Temperatures so hot you could happily strip naked and walk around town, or fry an egg on your cars bonnet.
Endless miles of red dust, spinifex grass and grazing Brahman cattle.

Flies that constantly buzz around your face, flit up your nostrils and down your throat. Mozzies and midges that leave welts on your hardened skin. It’s a match for the brittle nails and dead hair ends.
It’s living on the edge of constant croc watch. Jumping and squirming every time you see a river miles away.
“Are there crocs in here?” is the first sentence that flies out of your mouth with each new body of water you come to. It’s got you freaked out so much, you even ask it when you’re near chlorinated swimming pools.
It’s green frogs flushed down toilet bowls after you’ve finished your business. It’s snakes curled up behind the cistern when you stumble in eyes half shut at 5am. It’s magic moments on Lake Argyle with freshwater crocodiles and not thinking twice about jumping in to swim with them.

It’s long road trips and hard core travel down gravel and corrugated roads. It’s miles of nothingness forcing you to pack and unpack almost nightly as you move from one town to the next on a journey that can last a couple of days.
A 600km stretch now seems like an afternoon drive.
No major supermarkets, Melbourne like cafes, just unchanging horizons.
A road house here and there to fill up on diesel that costs a fortune. You quickly lose your appetite with one glance at the shrivelled up sausage rolls lying in the oven.
Forget about decent coffee. It’s an urn with paper cups, a paddle pop stick and full-cream milk.
I’ve been laughed out of every establishment with my requests for gluten free, soy milk, and imagine – sugar free! Ain’t no raw cacao and almond milk in these parts.
You talk with passing travellers, who soon become comrades, about the marks of a good town approaching. It has Woolworths. If there’s Target, you’ve struck gold and a restaurant means the jackpot is yours. Why else did you think we stayed in Broome for five weeks? It had all of the above.
You can almost see the inhabitants of each caravan run down to the beach as soon as the red dirt they arrive on ends at the turquoise ocean. They’re desperate for the oasis after weeks of Outback driving.

“Look at this place!”
They yell beaming through the refreshing ocean breeze.
“It’s paradise. Boy after that journey, I just don’t want to leave here.” Many finish that with an exhausting statement, “I’m not sure I’m into 4WDriving much after all.”
It’s been four months and our journey through the Top End has come to an end.
Despite been driven mad a lot of the time by the toughness of it, and those damn flies, I’ve loved every minute. Because lying waiting for you beneath the tough exterior are endless horizons of exquisite beauty, ancient timelessness, vitality and perfection.
Secret nooks and crannies, waterfalls, gorges, stunning sunsets, and a thriving ecosystem hiding amongst the apparent lifelessness of the scrub.

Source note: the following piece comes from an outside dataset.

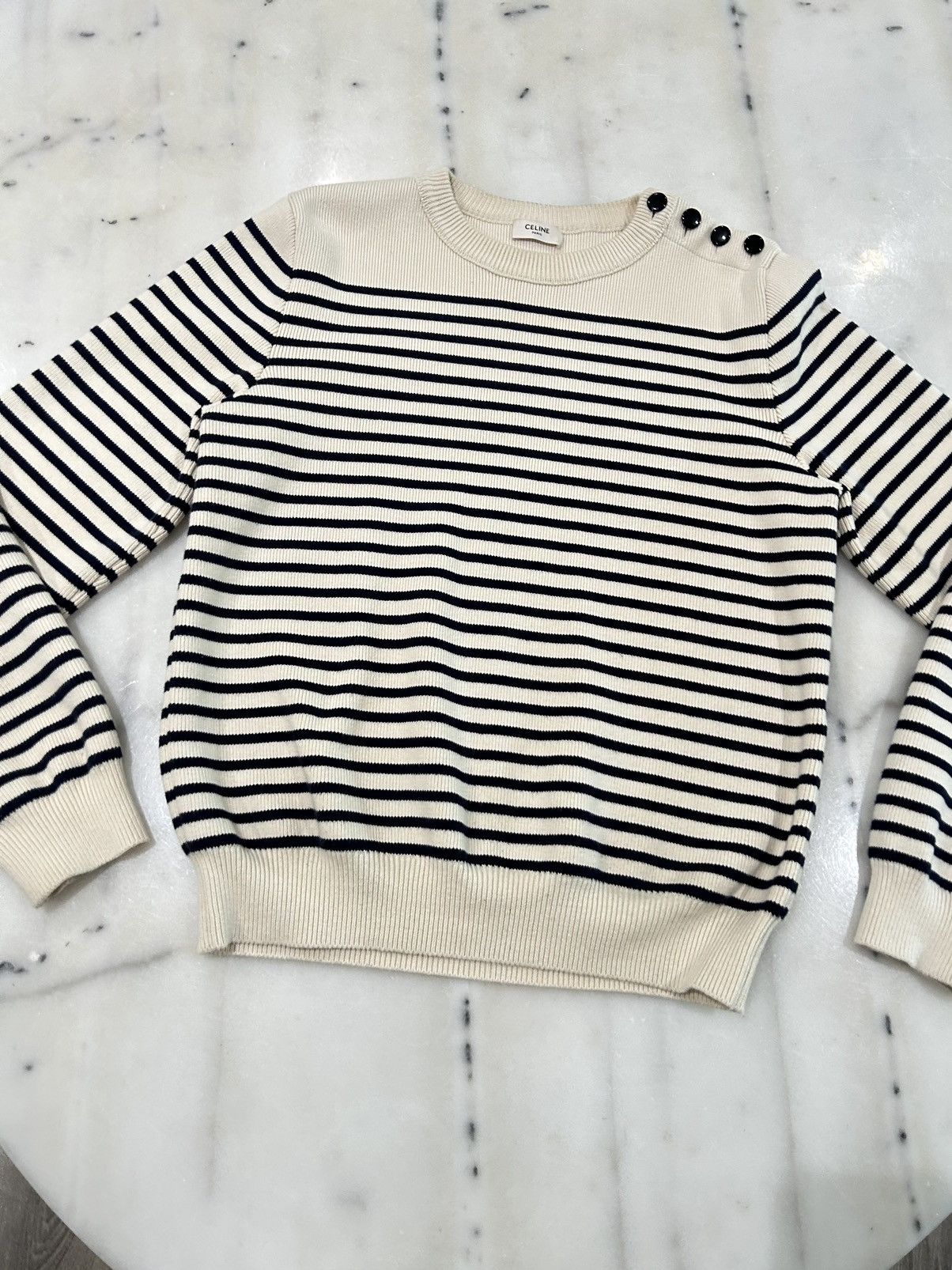 Celine Celine Cotton Mariniere Sweater w/ Buttons | Grailed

The Top End has given birth to a deep love and connection within me for Australia. It’s possibly the part I’ll speak most about from this road trip in years to come.
This is my country. And I’m in love with it.
But, I sure am happy to be leaving the red dust, exhausting heat, and annoying flies behind to return to pristine beaches and green rolling hills.
Hang on a minute. This is Australia. There’s no escaping the damn flies.
As we come out of the wilderness, allow us to take you on a little journey of some of it’s exquisiteness with our images below.
This is the Top End of Australia. You’re mad if you miss it.